Ever-curious Padma asks about conceptualization, and Spike mentions his original desire to make butternut squash soup, and Antonia explains her adamant opposition and maintains that immunity in no way deter her from expressing her opinions. "Didn't stop you all, actually," cracks Spike, proudly grinning at his big funny. Ming disagrees with Antonia -- "soup is a brilliant dish for 80 people in a banquet. It's the test in France to see if you're a good cook -- make me a soup." So now Spike's going to be all pissed that they didn't make soup, but Antonia did say that she would make a soup if that's what Spike and Zoi wanted -- they were convinced by her argument, and went along. Too bad -- and Colicchio does point out that they're not on the chopping block for choosing Carpaccio, they're on the chopping block for making it tasteless.
Spike chooses to make it about the soup, though -- as they walk into the back room, awaiting the final decision, someone asks what happened, and Spike says, "We should have made butternut squash soup, that's what happened." He's angry that he let himself be led away from the soup -- watch for a new, more aggressive Spike, if he manages to stick around. Richard thinks he's going home for the scales, and while I'd love to see him go, there's no way that's going to happen yet. As Zoi assures Jen that whatever happens will be cool, Jen tells her, "You are someone to be reckoned with. You're an amazing chef," although she's looking away while she says it and it's not nearly as convincing as when she says the same kind of stuff to the camera.

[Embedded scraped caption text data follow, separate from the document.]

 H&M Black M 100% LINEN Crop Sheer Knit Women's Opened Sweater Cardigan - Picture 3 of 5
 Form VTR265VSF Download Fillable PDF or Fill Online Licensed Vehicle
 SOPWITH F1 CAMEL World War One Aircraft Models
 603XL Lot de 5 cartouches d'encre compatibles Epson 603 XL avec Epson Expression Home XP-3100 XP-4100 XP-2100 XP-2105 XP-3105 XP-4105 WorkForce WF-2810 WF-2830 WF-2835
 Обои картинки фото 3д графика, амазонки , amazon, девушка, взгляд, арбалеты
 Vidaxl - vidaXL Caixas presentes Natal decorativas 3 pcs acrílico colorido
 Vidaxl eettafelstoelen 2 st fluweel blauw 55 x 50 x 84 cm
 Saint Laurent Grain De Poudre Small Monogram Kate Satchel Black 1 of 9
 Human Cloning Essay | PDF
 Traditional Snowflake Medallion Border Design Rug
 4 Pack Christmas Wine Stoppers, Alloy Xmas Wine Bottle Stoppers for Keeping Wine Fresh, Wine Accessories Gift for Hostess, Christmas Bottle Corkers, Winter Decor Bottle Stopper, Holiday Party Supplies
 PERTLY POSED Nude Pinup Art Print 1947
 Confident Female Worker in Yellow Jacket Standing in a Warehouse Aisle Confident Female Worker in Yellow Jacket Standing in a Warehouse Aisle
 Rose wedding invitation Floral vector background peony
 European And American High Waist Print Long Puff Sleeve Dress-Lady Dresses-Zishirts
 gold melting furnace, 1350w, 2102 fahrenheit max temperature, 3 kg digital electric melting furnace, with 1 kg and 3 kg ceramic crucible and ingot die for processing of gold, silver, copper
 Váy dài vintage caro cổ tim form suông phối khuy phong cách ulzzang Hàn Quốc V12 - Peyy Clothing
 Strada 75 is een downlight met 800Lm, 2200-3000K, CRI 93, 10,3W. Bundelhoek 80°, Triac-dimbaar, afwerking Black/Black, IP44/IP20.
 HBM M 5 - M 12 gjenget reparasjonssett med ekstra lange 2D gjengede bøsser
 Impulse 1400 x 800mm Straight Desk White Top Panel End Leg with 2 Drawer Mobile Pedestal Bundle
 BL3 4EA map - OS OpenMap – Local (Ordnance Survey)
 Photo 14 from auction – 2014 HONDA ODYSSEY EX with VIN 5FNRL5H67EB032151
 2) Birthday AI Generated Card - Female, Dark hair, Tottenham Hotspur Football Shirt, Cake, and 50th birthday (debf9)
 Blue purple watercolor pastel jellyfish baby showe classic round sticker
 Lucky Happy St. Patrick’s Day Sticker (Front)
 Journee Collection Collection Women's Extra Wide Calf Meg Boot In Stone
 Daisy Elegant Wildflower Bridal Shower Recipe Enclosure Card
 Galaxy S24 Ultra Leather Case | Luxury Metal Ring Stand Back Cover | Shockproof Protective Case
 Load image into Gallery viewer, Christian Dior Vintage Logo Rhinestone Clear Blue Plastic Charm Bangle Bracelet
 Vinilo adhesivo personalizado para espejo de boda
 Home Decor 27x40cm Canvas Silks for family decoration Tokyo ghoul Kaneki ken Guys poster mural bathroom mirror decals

As the judges once again discuss the unforgivability of scale-laden salmon, it looks like Richard might be right -- plus, even though Padma believes Richard was genuinely satisfied (as if there's anything "genuine" about Richard) with the texture of the fish, no one else liked it. But the Carpaccio was the lowest-scoring dish according to the dinner guests. Colicchio would like to send both Zoi and Spike home, for "allowing someone who has immunity to dictate what they were going to do," and Ming calls bullshit on Zoi's "I like highly seasoned food" defense. Colicchio voices his opinion that the "whole dish hinged on those mushrooms" -- and we all know who made those mushrooms.
But before this week's axe falls, Team Water gets chastised for a dish that "didn't work out very well," while Team Earth gets dinged for not bringing much earth to their Carpaccio. After stating that the judges agree with the guests' assessment that the Carpaccio was the weakest dish of the night, Zoi is sent to gather her knives. She's "disappointed, obviously," and explains that she's not really a competitor, which begs the question of what on earth (haha) she was doing there in the first place. Richard's crying, presumably because he's so relieved about staying, and Jen puts on her incredulous face, as Zoi tries to comfort her with a kiss. Zoi's pleased that she got to share the experience with her partner, and "to show people that you can be a couple and be professional and still compete" -- all the implied lesbian drama fizzling . . . uh, turning . . . out to be more about the dignity of gay unions, or something similarly banal (at least where reality TV is concerned -- while it would be nice to see more gay couples on television, this whole plot thread was pretty much a dud).